Monitor your EKS without dying in the effort!

April 7, 2025 · 9 min read

Junior Platform Engineer

Monitoring a Kubernetes cluster is essential to know what is going on or to be able to detect if something is wrong in time. There are multiple tools available for this purpose, but in this implementation, we'll use Metrics Server, Alloy, Loki, Kube Prometheus Stack, and Alertmanager.

This setup will be deployed on an EKS cluster, with all configurations managed through Terraform and Helm charts.

Infrastructure Overview

The monitoring stack consists of several components such as:

Metrics Server: For basic resource metrics collection
Alloy: To collect and forward metrics and logs
Loki: For log storage and querying
Prometheus Operator: To automatically manage Prometheus and Alertmanager configurations in Kubernetes.
Grafana: For visualisation of metrics and logs (integrated with Prometheus and Loki).
Alertmanager: For handling alerts and notifications

All components will be deployed using Helm charts with configurations stored in our platform repository.

Metrics Server

Metrics Server is a tool used in Kubernetes that collects basic resource usage metrics (such as CPU and memory) from the nodes and pods in the cluster.

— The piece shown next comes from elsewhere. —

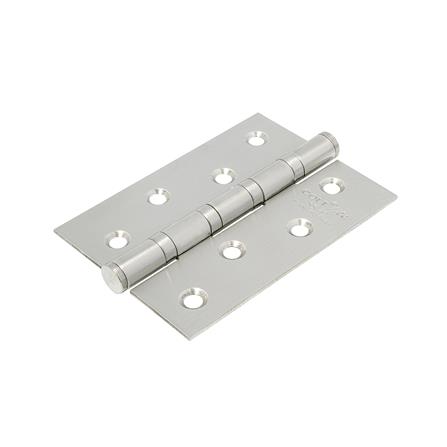 บานพับ 4X3 นิ้ว X 1.8 มม. COLT LITE 49 สีสเตนเลส แพ็ก 3 ชิ้น 1 แถม 1_1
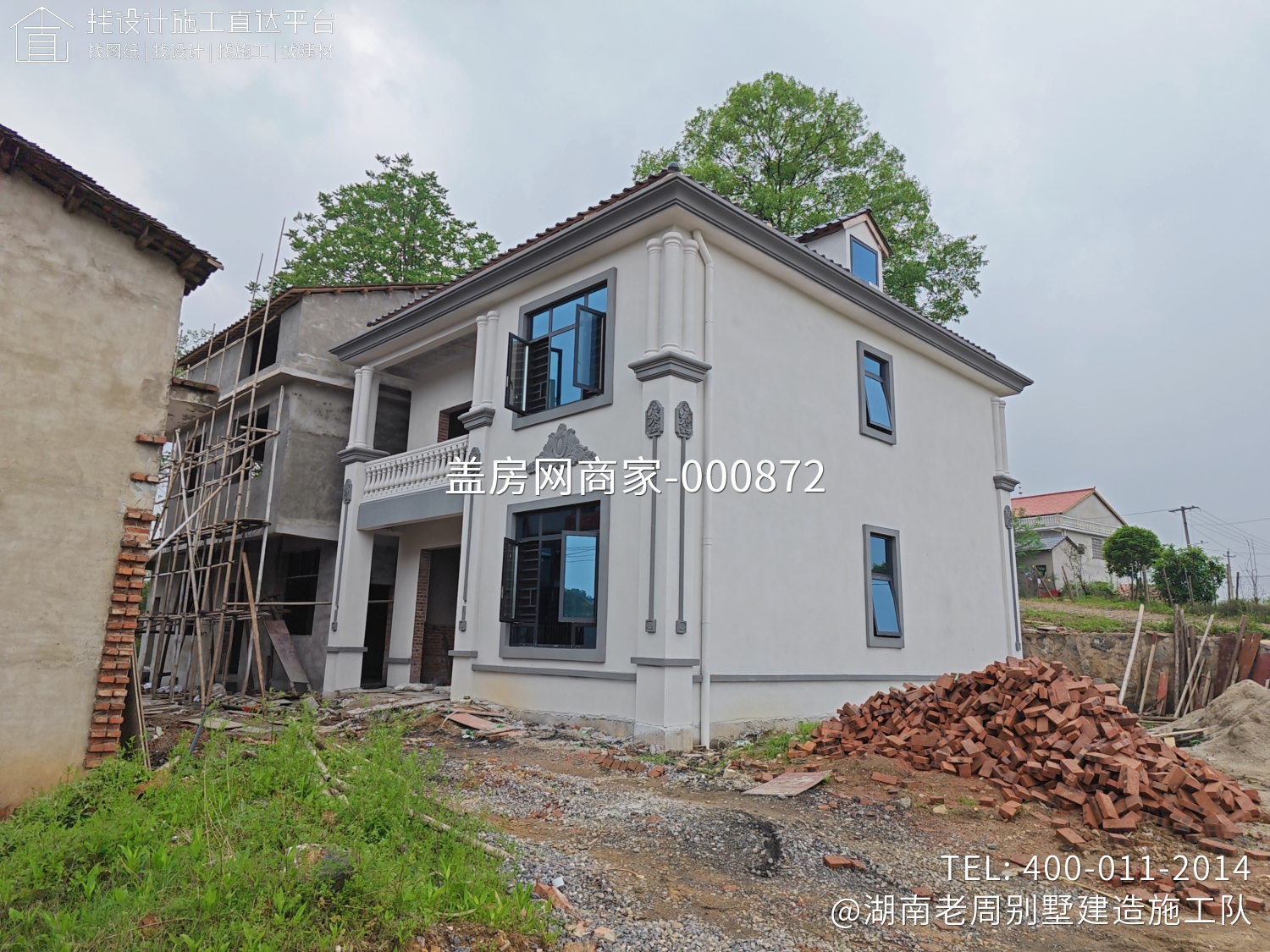 娄底邓老板简欧别墅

To implement it, we will create a Chart.yaml and a values.yaml similar to these:

Chart.yaml:

apiVersion: v2
name: metrics-server
description: metrics-server helm chart
type: application
version: 3.12.1 # Change to the current version
dependencies:
- name: metrics-server
  version: 3.12.1 # Change to the current version
  repository: https://kubernetes-sigs.github.io/metrics-server

In this case, the values.yaml file can be empty without any issues (although you still need to create the file, even if it is empty). Then, run helm dependency update. This will create the necessary Chart.lock and .tgz files.

Alloy

Alloy is designed to collect and send metrics, logs, etc., to different destinations, such as Grafana, Loki, or Prometheus. It is the successor to Grafana Agent, so its configuration is similar (but not identical).

Unlike Grafana Agent, which used .river files for configuration, Alloy uses .alloy.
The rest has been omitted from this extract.